> **ACTIVITY**:
Your answer must be an exact copy of the data, without any pictures.

Segment Start: DATA SEGMENT

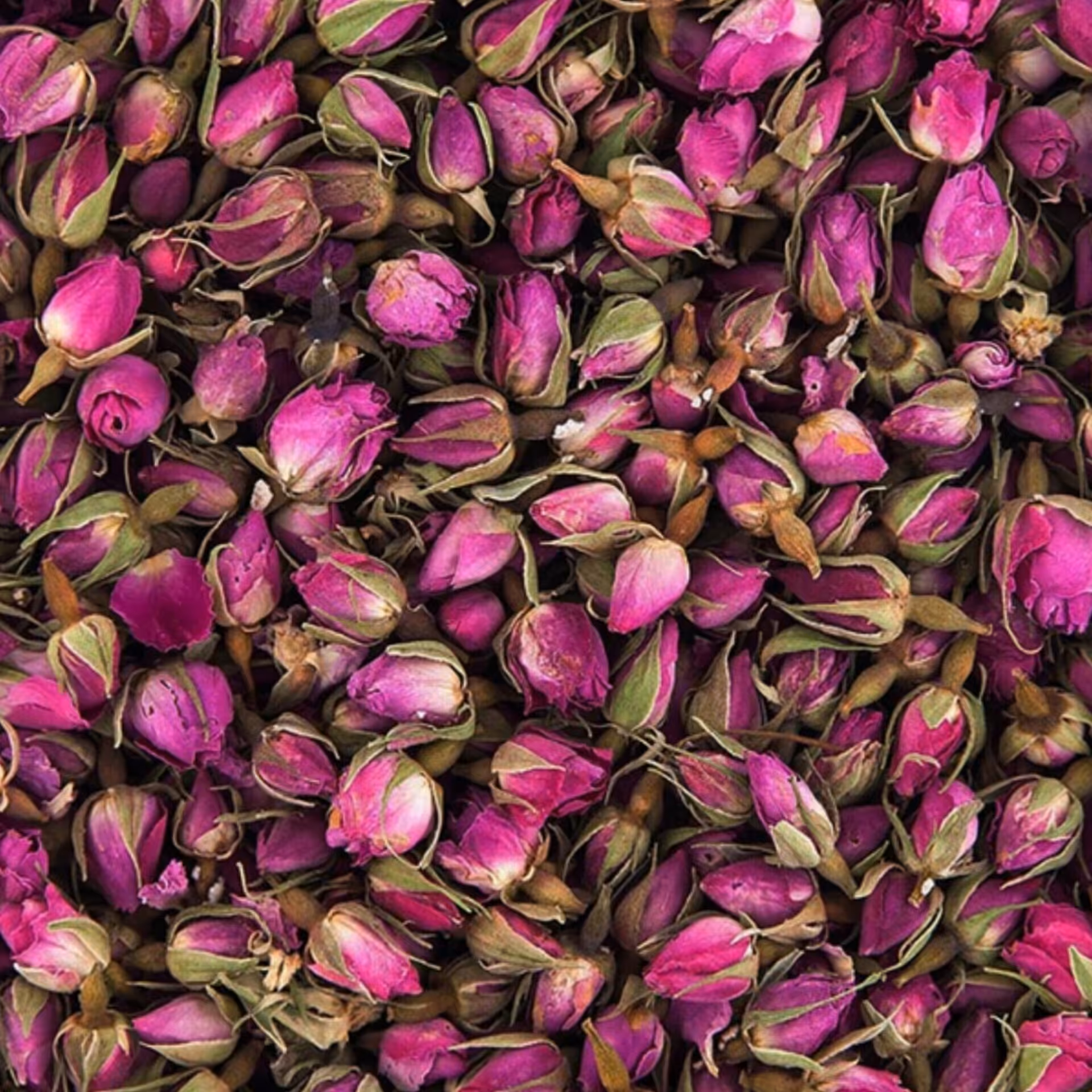 غنچه گل محمدی بسیار معطر و خوش بو کیفیت تضمینی (75 گرم ) ( یک سیر ) 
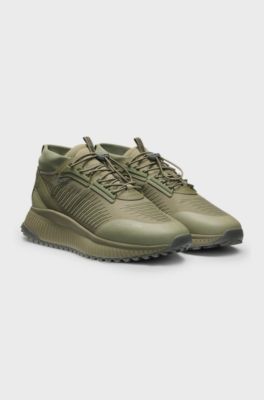 BOSS X GORE-TEX&reg; TTNM EVO trainers with waterproof finish, Olive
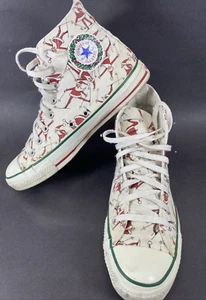 ¡ESQUÍ DE SANTA CONVERSE EE. UU. All Star de colección! Zapatos Hombre’s 8 Mujer’s 10.5 - Bonitos - Imagen 1 de 18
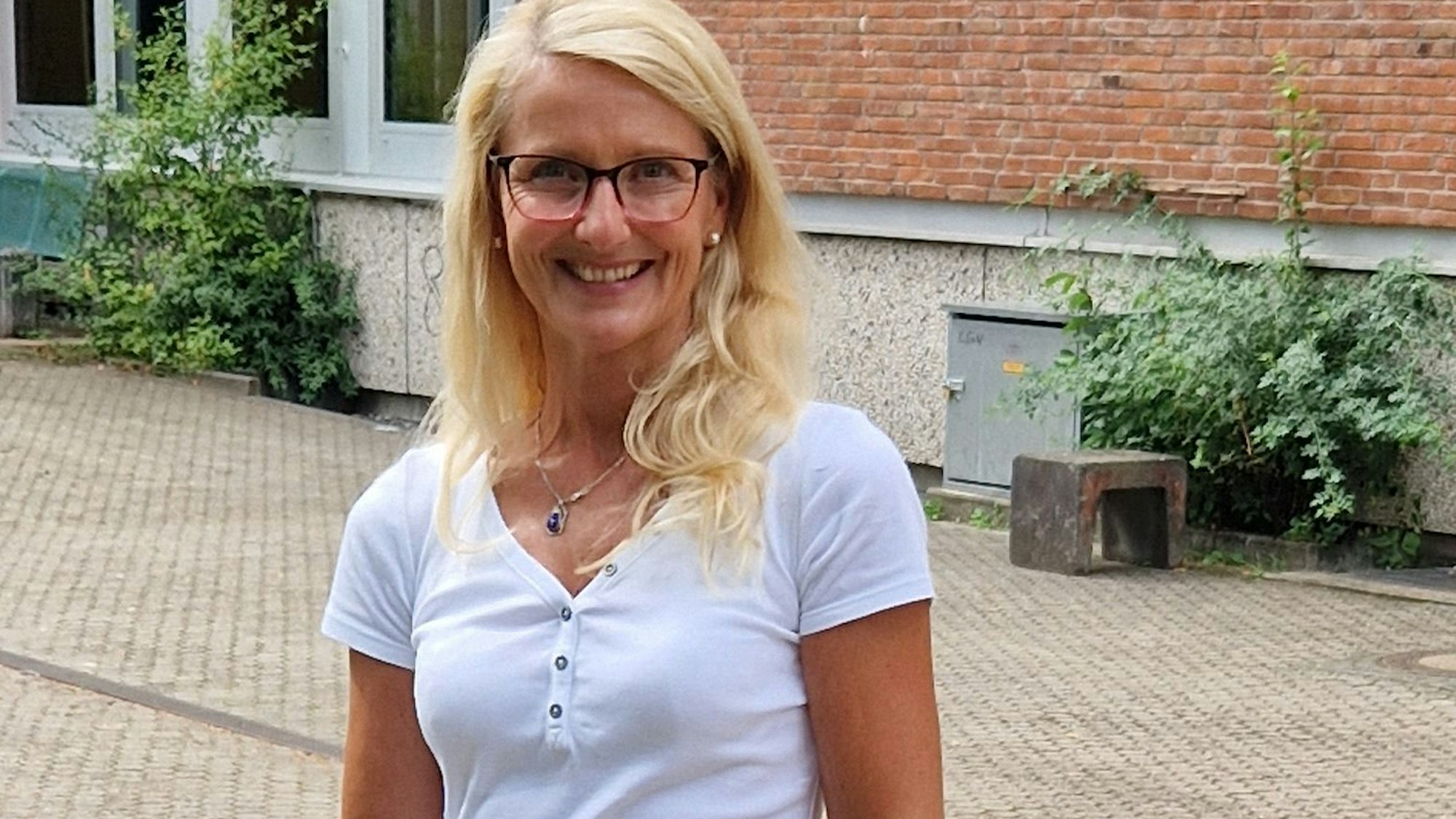 Susanna Geiss, Schulpflegschaftsvorsitzende Freiherr-vom-Stein-Gymnasium Rösrath.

Segment End: DATA SEGMENT

> **ANSWER TO THE PROBLEM**:
 غنچه گل محمدی بسیار معطر و خوش بو کیفیت تضمینی (75 گرم ) ( یک سیر ) 
 BOSS X GORE-TEX&reg; TTNM EVO trainers with waterproof finish, Olive
 ¡ESQUÍ DE SANTA CONVERSE EE. UU. All Star de colección! Zapatos Hombre’s 8 Mujer’s 10.5 - Bonitos - Imagen 1 de 18
 Susanna Geiss, Schulpflegschaftsvorsitzende Freiherr-vom-Stein-Gymnasium Rösrath.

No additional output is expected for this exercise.